=== Section Start ===

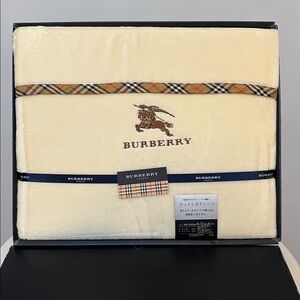 Burberry NWT Cream Lightweight Blanket 140x240cm Japan Exclusive Vintage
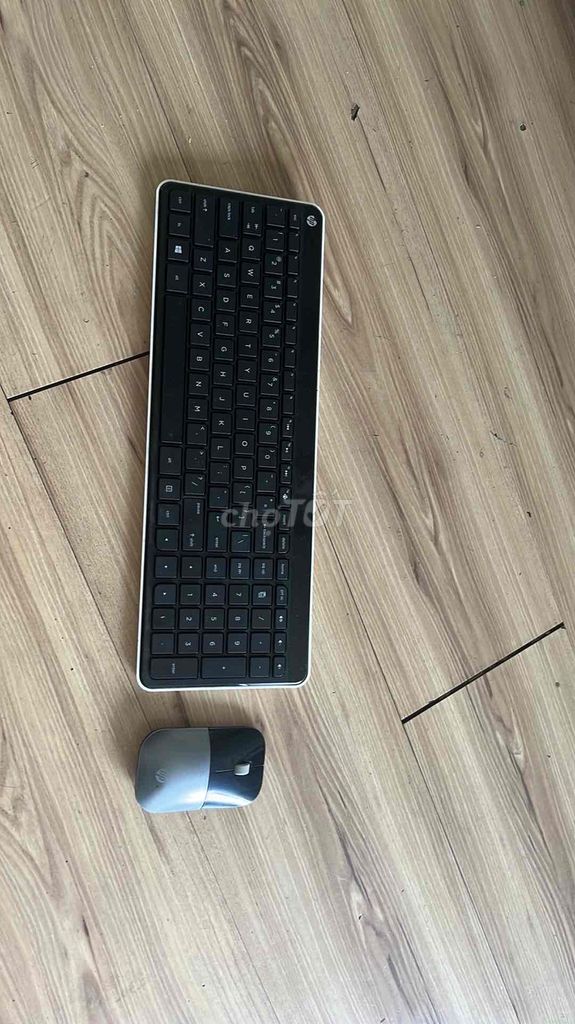 Bộ bàn phím chuột HP KG-1450 240 Đen trắng. Mua bán Phụ kiện (Màn hình, Chuột...) tại Quận Tân Phú Tp Hồ Chí Minh được đăng bởi CÒN TIN LÀ CÒN HÀNG  SHIP HÀNG TOÀN QUỐC KHÁCH MỚI CÓ CỌC hình 1
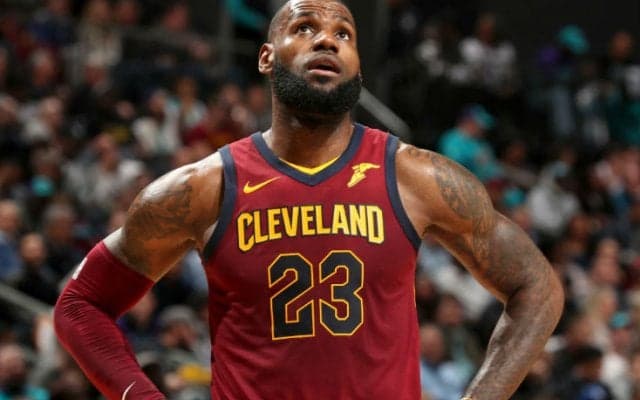 今シーズンも1試合平均38.1分の出場と負担の大きいキャバリアーズのレブロン・ジェームズ「アイザイア復帰で楽になる」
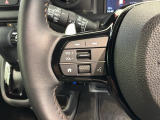 ステアリングにオーディオ操作スイッチが付いています。オーディオ画面に直接タッチしなくても操作が出来ますので、運転に集中できます。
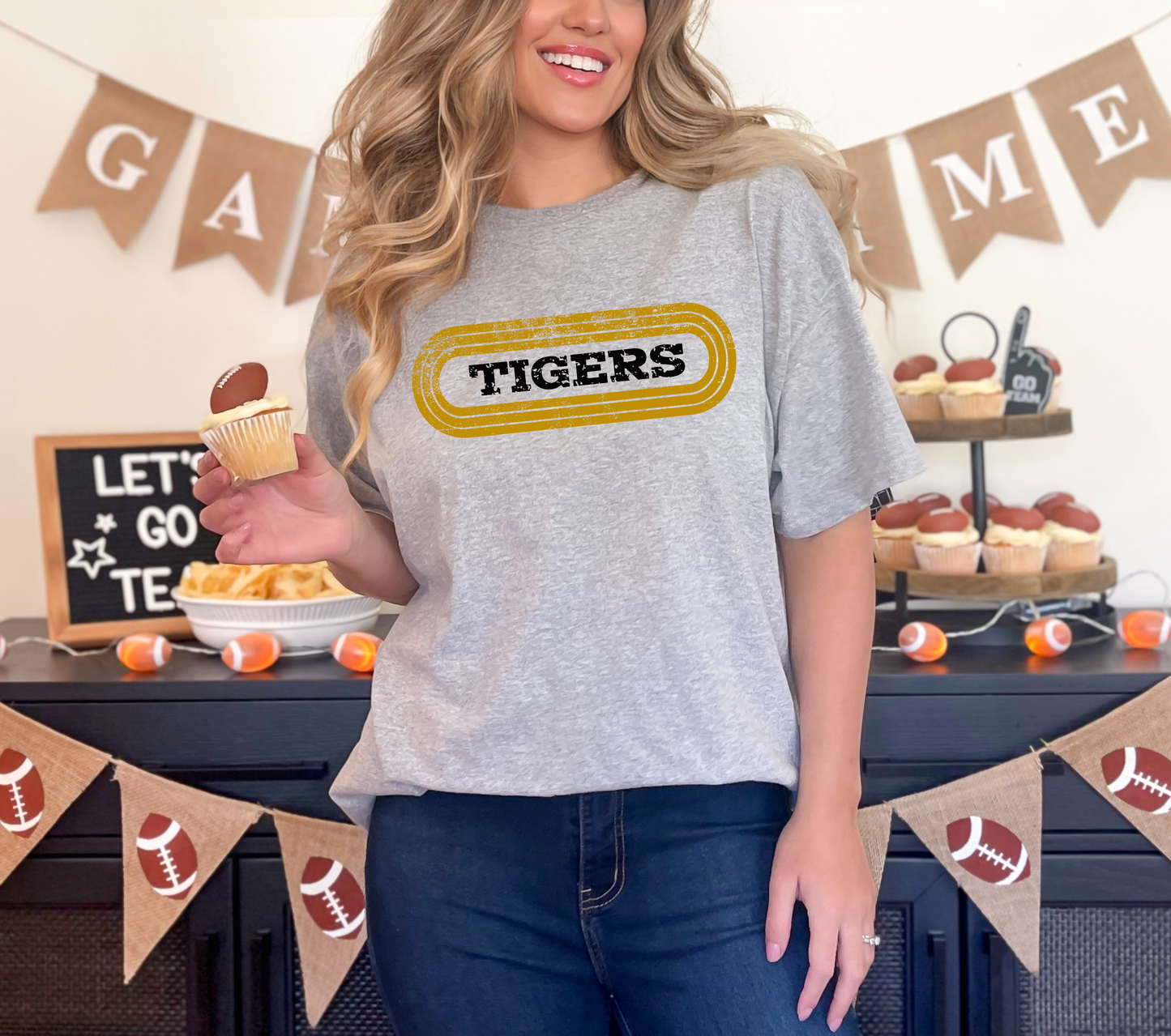 Tigers Retro Oval Digital Download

=== Section End ===

◆ Task objective:
Starting with the line that has "今シーズンも1試合平均38." and ending with the last line of the records, retype every line exactly and only those lines. Do not include the pictures.

◆ Expected output:
 今シーズンも1試合平均38.1分の出場と負担の大きいキャバリアーズのレブロン・ジェームズ「アイザイア復帰で楽になる」
 ステアリングにオーディオ操作スイッチが付いています。オーディオ画面に直接タッチしなくても操作が出来ますので、運転に集中できます。
 Tigers Retro Oval Digital Download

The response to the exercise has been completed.